▶ **EXERCISE INSTRUCTIONS**:
Your copy should hold only the lines from the one with "A Bobbin Lace" to the one with "Man, teen critically", both included, each exactly as it stands below, with no pictures.

▶ **GIVEN INFORMATION**:
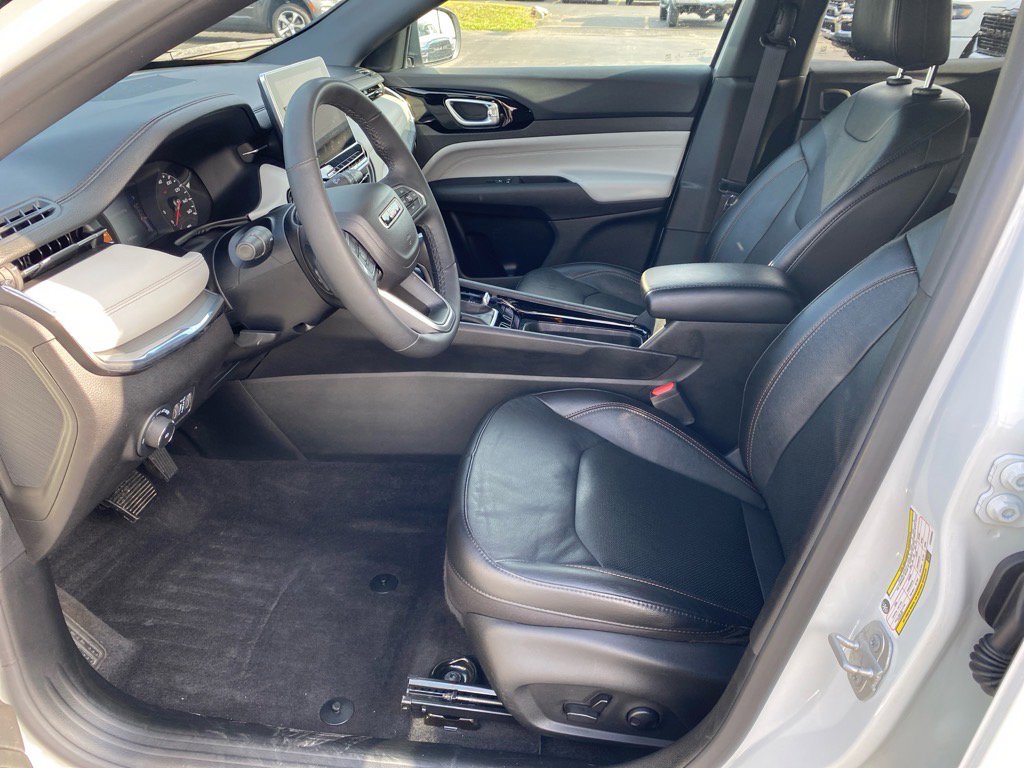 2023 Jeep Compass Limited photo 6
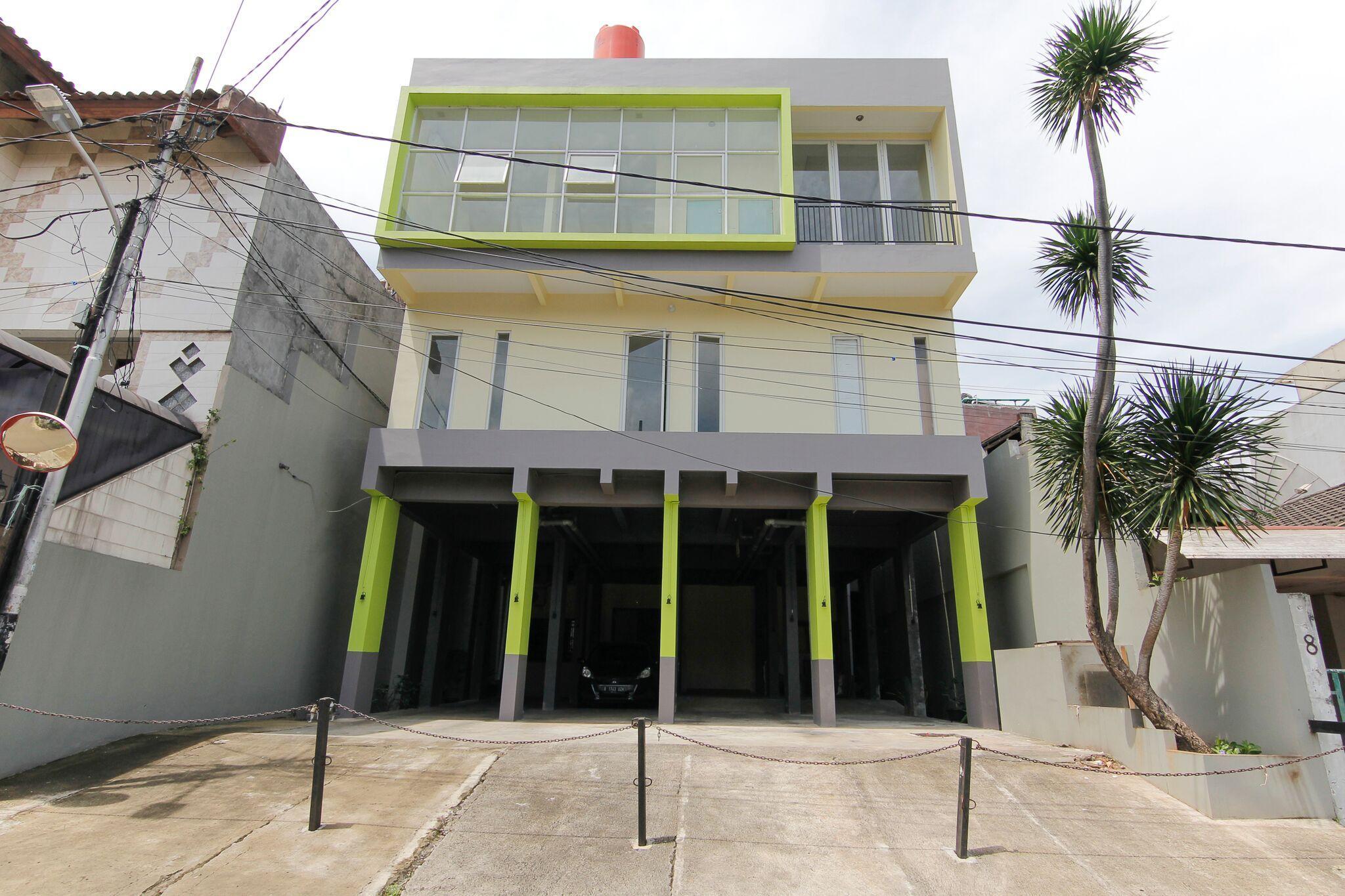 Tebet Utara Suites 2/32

---

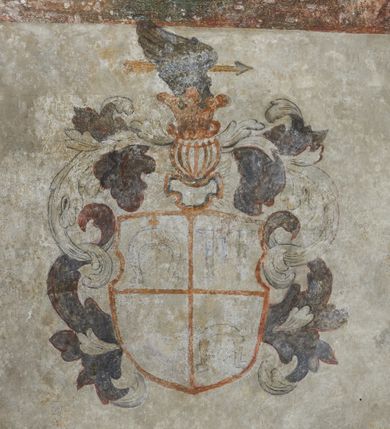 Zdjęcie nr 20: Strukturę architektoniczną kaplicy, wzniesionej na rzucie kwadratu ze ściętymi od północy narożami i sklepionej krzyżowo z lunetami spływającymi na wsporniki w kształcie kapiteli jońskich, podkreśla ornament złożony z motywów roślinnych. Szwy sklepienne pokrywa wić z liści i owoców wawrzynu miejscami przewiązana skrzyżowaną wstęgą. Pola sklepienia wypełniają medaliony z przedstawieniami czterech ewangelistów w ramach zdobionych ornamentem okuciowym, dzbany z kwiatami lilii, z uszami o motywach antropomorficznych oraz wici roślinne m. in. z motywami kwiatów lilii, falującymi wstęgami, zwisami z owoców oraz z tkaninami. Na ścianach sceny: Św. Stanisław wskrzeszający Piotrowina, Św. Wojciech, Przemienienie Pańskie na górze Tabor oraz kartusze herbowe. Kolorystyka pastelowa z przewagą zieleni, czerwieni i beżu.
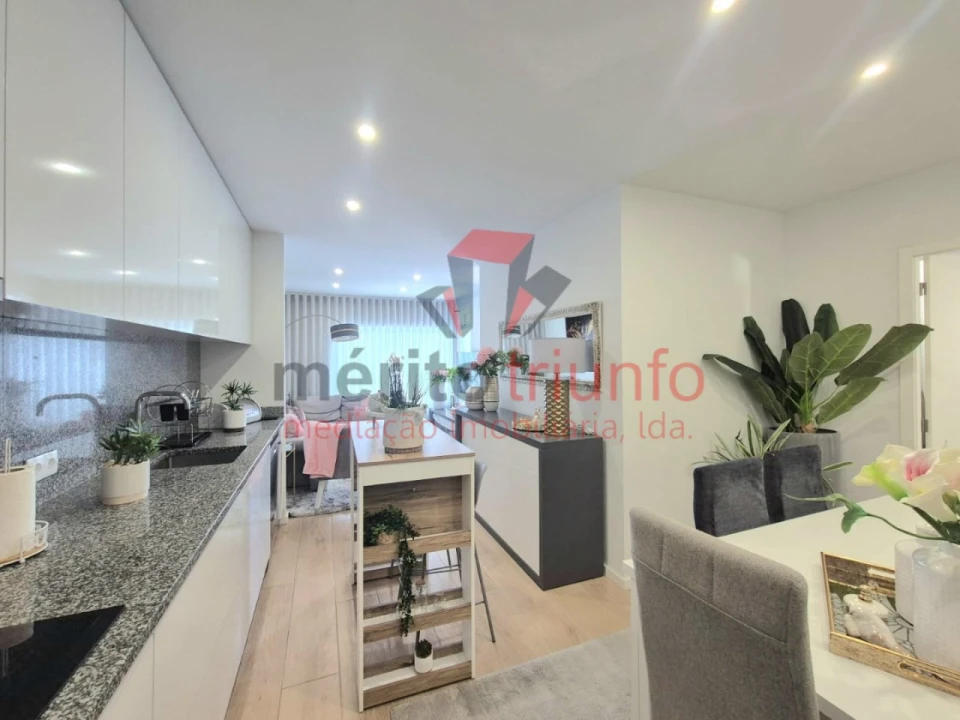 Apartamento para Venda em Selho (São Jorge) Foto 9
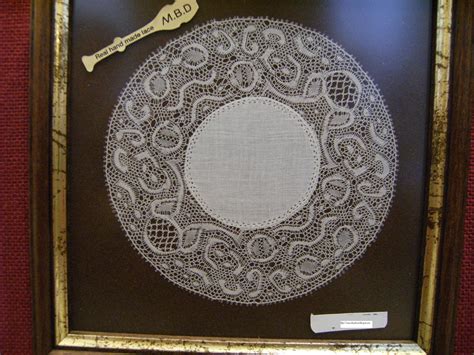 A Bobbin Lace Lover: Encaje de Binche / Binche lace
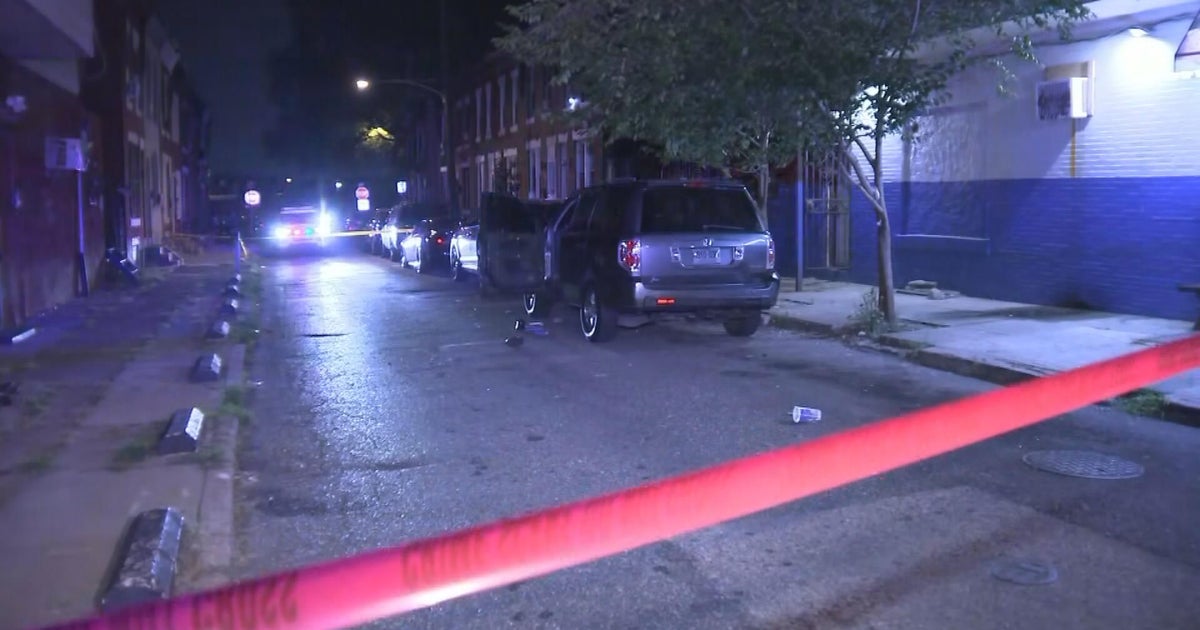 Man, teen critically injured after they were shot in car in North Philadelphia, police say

▶ **YOUR SOLUTION**:
 A Bobbin Lace Lover: Encaje de Binche / Binche lace
 Man, teen critically injured after they were shot in car in North Philadelphia, police say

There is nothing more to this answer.